Mike Chassie presses his nose up against a load of plastic lumber and takes a sniff. He’s inspecting the newest product made at his family’s business, Goodwood Plastic Products in Fort Ellis, N.S. 

“Smells great to me,” Chassie said last week outside the building where the synthetic timber is manufactured. “It doesn’t have any of the smell that you would think you’d get from that ghost gear.”

That ghost gear, lost or discarded fishing equipment, was three kilometres of old, thickly-woven, plastic fishing rope covered in marine life, and recently fished out of the sea by a diving company working near its home base in Mahone Bay, N.S.

The plastics recycler OK’d the fishy-smelling delivery for its newest venture: commercializing synthetic lumber made out of ghost gear. 

The recyclables are shredded, melted, and pushed through moulds to create planks and posts for building decks, park benches and picnic tables.
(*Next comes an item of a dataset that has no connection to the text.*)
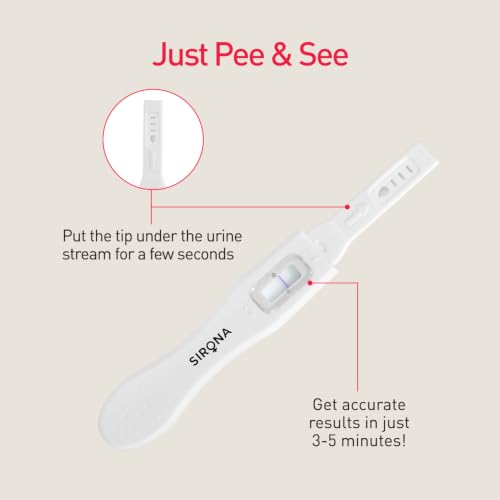 Image of Sirona OvuRx Midstream Urine LH Ovulation Test Kit for Women (Pack of 5) | Pregnancy Planning & Fertility Test | Rapid & Accurate Results in 5 Mins | Single Step Ovulation Kit Pack for Home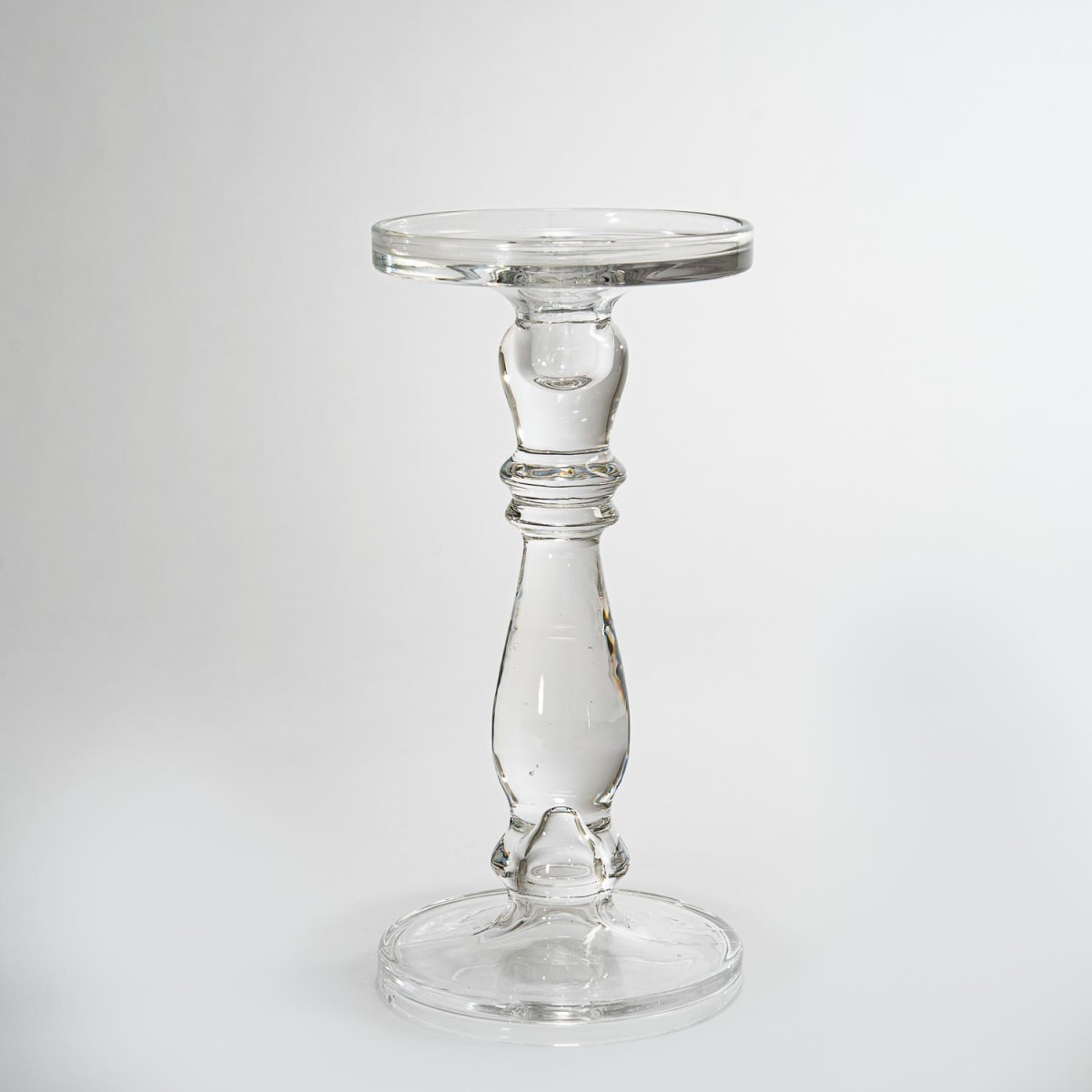 Candelabro in vetro - 13x27 Cm / Trasparente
The ghost gear was blended with shopping bags to create planks that look just like the other products now sold to the public.

The price for a 4-by-8 timber is $61. Chassie said it’s triple the price of wood lumber, but is more durable.

But he said the real saving is the benefit to the environment, especially if the plastic lumber is returned to where it came from — the sea — as wharf or marina timbers. 

“You don’t get any of those harmful chemicals that over time leach into the water, whether it be saltwater or freshwater.”

Chassie is eager to ramp up recycling a product that many people had considered no longer useful.

“You’re taking a product that would typically be destined for a landfill or to be buried in the ocean and forgotten, and you’re giving it a new life.”